Sharing a language definition and parser alone is not sufficient to achieve real consistency or easy reuse. The GoogleSQL libraries include shared language analysis, shared implementations of common functions and operators, a compliance testing framework for validating consistency across engines, and other shared subcomponents.

The consistency that results from sharing the language and implementation across tools has enabled the growth of a large ecosystem of interoperable tools that can easily leverage the full power of SQL, while still allowing domain-specific extensions and customizability.



Title: Delta Lake: The one storage format for all your analytics
Speaker: Tathagata Das, Staff Software Engineer, Databricks, Apache Spark PMC

Speaker Bio:Tathagata Das is a Staff Software engineer at Databricks, and a member of Apache Spark Project Management Committee (PMC). He has been involved with the Apache Spark project for the last 12 years. He developed the original Spark Streaming (DStreams) in his grad student days in AMPLab, UC Berkeley. He was one of the core developers of Structured Streaming, and since 2018, one of the core developers of the Delta Lake product. Currently, he leads the development of the Delta Lake open source project and the ecosystem around it.

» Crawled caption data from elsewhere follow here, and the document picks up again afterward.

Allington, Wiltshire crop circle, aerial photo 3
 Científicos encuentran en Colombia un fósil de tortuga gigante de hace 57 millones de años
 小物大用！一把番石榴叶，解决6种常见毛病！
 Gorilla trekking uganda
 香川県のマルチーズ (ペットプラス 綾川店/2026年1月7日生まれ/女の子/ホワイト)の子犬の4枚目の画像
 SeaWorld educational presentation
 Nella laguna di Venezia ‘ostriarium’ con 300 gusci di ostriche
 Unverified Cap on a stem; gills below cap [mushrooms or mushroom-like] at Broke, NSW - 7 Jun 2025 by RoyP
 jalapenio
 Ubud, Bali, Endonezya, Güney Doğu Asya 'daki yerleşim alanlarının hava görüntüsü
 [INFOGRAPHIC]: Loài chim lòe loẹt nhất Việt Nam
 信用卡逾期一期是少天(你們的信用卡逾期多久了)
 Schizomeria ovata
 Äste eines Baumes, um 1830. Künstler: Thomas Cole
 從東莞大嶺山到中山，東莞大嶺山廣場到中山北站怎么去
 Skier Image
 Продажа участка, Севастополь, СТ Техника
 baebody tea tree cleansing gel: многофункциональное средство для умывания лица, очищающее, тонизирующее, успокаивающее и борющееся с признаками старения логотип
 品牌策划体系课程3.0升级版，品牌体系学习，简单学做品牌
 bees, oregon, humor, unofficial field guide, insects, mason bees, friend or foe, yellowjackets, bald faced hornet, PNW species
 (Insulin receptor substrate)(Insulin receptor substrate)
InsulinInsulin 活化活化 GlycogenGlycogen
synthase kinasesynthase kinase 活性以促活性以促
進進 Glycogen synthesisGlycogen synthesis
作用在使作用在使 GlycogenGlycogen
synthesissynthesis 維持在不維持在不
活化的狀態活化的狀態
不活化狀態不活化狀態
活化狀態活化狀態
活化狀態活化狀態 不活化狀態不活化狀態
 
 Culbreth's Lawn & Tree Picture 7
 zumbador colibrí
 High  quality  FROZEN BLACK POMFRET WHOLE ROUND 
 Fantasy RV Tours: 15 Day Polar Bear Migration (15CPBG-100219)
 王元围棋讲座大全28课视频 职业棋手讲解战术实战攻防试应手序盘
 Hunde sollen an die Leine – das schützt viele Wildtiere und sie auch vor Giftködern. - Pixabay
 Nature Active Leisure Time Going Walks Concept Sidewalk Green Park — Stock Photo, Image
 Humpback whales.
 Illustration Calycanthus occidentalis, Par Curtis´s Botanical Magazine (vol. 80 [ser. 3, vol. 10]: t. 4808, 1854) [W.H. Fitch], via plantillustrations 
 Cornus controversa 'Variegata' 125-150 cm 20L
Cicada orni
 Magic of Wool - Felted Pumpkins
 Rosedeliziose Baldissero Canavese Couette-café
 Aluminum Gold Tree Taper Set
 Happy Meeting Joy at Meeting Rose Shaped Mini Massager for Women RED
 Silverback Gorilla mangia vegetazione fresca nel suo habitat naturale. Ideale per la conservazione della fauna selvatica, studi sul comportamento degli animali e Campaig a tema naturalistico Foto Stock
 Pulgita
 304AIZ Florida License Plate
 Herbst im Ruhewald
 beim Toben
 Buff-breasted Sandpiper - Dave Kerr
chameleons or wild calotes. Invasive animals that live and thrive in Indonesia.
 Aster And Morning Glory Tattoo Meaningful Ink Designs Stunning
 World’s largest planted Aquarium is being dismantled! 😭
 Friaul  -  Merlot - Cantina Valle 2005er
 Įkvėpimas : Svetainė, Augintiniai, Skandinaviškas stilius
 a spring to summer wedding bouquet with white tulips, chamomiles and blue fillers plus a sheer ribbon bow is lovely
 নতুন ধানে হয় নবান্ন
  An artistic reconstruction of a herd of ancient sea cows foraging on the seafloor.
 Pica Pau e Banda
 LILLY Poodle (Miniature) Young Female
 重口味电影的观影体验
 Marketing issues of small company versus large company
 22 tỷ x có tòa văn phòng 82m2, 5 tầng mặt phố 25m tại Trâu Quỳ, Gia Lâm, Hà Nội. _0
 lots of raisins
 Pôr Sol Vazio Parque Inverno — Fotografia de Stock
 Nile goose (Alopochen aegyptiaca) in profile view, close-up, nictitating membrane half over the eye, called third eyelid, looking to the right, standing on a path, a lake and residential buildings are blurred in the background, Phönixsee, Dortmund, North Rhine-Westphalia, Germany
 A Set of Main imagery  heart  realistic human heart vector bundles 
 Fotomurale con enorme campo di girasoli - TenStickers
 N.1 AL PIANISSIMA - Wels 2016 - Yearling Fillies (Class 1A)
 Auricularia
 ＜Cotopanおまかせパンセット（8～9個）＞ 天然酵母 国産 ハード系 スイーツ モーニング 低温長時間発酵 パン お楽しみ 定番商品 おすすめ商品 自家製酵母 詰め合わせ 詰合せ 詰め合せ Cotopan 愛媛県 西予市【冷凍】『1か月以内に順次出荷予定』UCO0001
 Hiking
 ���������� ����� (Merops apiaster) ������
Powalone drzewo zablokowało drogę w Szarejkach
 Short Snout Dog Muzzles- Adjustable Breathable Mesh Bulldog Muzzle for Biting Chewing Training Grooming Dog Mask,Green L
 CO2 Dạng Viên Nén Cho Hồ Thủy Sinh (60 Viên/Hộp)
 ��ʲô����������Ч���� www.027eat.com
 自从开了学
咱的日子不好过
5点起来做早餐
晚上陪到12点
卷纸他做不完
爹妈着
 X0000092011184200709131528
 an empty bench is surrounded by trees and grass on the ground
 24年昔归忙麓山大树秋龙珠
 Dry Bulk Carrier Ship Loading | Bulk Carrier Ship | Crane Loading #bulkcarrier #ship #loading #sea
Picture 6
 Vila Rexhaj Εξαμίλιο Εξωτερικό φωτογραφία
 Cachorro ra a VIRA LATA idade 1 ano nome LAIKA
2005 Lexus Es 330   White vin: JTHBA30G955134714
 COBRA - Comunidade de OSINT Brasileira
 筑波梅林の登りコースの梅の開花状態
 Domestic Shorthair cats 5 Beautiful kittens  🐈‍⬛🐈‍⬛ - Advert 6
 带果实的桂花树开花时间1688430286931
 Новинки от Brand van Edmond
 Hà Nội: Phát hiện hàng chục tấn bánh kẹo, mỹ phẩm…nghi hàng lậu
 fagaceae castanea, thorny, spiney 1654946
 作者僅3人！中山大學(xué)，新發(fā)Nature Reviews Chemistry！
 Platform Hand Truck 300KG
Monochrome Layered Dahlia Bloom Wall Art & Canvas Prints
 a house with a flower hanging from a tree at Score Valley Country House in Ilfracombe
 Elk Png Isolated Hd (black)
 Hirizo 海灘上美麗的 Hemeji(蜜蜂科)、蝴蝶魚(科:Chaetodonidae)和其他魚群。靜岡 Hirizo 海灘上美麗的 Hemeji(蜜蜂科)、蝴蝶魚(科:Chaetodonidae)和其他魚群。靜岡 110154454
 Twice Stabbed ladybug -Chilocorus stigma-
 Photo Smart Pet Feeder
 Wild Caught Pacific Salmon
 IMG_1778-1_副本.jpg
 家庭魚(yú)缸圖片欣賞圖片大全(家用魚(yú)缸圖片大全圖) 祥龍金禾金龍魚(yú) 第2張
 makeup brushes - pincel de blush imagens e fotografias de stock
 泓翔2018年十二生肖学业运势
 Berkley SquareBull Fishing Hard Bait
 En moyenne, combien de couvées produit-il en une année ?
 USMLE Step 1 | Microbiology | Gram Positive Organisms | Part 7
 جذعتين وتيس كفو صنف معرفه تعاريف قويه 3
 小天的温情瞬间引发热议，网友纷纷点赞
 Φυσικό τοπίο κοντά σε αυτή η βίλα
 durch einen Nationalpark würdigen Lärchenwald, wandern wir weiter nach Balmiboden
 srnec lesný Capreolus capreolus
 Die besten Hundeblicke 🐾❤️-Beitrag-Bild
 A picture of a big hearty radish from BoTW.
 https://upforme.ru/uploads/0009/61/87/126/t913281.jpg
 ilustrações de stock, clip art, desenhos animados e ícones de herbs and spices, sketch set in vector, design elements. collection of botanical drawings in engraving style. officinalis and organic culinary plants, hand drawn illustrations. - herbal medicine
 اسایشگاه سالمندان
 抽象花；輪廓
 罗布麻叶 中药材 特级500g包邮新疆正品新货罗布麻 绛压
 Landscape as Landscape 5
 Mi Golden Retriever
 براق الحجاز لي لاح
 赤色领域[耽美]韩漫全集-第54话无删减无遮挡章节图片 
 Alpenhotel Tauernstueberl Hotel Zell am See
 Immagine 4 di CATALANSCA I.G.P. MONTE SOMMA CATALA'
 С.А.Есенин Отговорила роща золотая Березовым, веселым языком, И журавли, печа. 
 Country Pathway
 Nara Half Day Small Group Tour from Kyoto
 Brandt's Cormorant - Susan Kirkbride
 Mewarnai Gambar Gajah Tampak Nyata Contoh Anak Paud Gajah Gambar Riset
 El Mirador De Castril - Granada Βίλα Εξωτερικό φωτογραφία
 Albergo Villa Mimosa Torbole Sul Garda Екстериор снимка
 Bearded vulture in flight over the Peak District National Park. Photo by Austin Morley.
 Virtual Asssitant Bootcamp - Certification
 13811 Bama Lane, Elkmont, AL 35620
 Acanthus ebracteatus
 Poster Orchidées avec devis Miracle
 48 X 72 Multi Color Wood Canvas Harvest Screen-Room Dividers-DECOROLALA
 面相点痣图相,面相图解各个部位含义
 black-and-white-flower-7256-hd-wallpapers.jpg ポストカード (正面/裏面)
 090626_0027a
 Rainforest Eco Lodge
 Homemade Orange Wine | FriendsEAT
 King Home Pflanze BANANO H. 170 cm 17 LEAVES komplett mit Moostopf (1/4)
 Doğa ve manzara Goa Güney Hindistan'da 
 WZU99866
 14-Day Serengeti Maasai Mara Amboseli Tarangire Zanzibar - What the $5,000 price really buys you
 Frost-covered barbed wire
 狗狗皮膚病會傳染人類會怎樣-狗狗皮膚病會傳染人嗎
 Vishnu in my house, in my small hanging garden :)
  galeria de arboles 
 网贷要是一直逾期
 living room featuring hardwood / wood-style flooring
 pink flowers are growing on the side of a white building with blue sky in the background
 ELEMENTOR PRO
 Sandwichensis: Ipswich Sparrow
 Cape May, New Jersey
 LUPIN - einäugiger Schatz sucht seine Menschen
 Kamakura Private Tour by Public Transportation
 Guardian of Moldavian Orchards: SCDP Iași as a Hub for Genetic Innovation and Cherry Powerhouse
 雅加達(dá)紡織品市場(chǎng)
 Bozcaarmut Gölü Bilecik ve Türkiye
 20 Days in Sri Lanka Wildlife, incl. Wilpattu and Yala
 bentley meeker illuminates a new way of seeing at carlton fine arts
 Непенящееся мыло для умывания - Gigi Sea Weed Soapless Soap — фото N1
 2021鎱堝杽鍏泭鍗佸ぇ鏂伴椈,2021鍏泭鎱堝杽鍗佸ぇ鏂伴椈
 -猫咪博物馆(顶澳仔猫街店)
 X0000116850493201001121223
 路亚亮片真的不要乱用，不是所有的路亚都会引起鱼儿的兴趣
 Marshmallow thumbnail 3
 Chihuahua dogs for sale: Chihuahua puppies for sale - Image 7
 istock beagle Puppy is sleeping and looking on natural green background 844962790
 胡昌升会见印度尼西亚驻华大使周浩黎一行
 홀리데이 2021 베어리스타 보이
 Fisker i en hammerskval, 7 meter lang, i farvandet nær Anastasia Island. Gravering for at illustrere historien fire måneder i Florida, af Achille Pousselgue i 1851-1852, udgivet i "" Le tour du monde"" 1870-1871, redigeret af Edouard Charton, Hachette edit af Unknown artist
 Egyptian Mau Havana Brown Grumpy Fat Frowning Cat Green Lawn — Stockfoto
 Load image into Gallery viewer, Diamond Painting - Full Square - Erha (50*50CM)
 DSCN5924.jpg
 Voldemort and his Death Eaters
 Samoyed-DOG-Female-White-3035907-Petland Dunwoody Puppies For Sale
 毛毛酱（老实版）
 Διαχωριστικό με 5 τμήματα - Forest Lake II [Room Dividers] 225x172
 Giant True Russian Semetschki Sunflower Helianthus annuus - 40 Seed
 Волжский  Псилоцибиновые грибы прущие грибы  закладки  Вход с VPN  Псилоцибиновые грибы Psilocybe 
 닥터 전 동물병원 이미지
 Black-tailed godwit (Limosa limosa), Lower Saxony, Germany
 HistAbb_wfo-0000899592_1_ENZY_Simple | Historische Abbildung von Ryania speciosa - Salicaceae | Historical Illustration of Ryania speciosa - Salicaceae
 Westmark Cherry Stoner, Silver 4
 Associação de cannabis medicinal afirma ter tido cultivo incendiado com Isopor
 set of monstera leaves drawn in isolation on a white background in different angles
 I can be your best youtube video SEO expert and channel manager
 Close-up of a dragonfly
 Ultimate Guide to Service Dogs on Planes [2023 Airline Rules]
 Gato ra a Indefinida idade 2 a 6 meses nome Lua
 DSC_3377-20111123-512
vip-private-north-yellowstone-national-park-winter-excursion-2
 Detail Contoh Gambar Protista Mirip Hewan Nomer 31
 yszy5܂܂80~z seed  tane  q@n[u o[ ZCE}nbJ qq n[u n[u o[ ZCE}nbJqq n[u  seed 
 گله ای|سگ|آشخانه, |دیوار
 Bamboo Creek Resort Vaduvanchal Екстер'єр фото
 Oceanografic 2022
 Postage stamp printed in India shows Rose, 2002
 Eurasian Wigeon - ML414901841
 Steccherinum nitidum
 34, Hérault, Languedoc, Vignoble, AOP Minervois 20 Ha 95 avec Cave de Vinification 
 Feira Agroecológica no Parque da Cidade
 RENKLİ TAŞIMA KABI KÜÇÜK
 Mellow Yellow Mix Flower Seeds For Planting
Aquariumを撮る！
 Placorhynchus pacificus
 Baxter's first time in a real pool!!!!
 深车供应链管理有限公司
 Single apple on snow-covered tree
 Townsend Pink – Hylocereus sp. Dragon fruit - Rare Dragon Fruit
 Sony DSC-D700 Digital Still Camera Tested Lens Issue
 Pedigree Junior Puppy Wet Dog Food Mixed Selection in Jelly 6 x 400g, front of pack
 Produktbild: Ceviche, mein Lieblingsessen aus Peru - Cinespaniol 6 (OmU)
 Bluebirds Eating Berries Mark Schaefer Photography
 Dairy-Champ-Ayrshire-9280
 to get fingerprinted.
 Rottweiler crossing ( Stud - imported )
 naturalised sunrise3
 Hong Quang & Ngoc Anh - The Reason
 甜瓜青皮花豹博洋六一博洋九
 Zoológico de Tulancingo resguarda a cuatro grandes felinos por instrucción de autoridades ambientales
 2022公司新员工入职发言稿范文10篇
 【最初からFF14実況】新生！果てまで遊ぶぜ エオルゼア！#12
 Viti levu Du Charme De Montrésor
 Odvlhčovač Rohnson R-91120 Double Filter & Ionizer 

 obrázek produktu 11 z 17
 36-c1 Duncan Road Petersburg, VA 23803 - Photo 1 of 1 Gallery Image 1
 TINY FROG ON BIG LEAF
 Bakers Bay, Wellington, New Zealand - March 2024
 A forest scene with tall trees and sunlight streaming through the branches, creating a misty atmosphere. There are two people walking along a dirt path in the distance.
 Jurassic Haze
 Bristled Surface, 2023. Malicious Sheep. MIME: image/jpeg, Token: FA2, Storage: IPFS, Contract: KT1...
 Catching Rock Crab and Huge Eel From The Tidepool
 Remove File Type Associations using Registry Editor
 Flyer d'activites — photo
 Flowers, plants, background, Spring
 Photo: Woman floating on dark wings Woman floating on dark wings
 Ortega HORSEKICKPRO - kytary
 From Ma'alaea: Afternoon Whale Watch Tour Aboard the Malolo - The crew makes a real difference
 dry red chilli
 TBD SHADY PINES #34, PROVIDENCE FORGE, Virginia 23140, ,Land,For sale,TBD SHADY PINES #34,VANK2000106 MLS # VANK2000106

Abstract:Delta Lake is an open-source storage format that brings ACID transactions to big data workloads on cloud object stores. Traditionally, there has been two kinds of data management frameworks:

  • Databases that provide transactional guarantees but are not scalable in a cost-effective way
  • Data lakes that provide cost-effective scalability, but limited transactional and data quality guarantees

The Delta Lake format combines the best of both worlds for analytical workloads:

  • Scales in a cost-efficient by storing data - both data and metadata scale to 10s of TBs of data
  • Provides data quality guarantees - ACID transaction, schema enforcement, data constraints
  • Simplifies modern workloads on ever changing data - Schema evolution when appending or upserting data

Delta Lake allows you store data on blob stores like HDFS, S3, Azure Data Lake, GCS, query from many processing engines including Spark, PrestoDB, Trino, Hive, Flink, and provides APIs for Scala, Java, Python, Rust, and Ruby. In this talk we are going to discuss

  • Architecture - Why does it scale so well?
  • Features - What makes it so unique?
  • Roadmap - What is in the future?
  • Connector ecosystem - What can you read / write from?
  • Community - How to contribute and engage?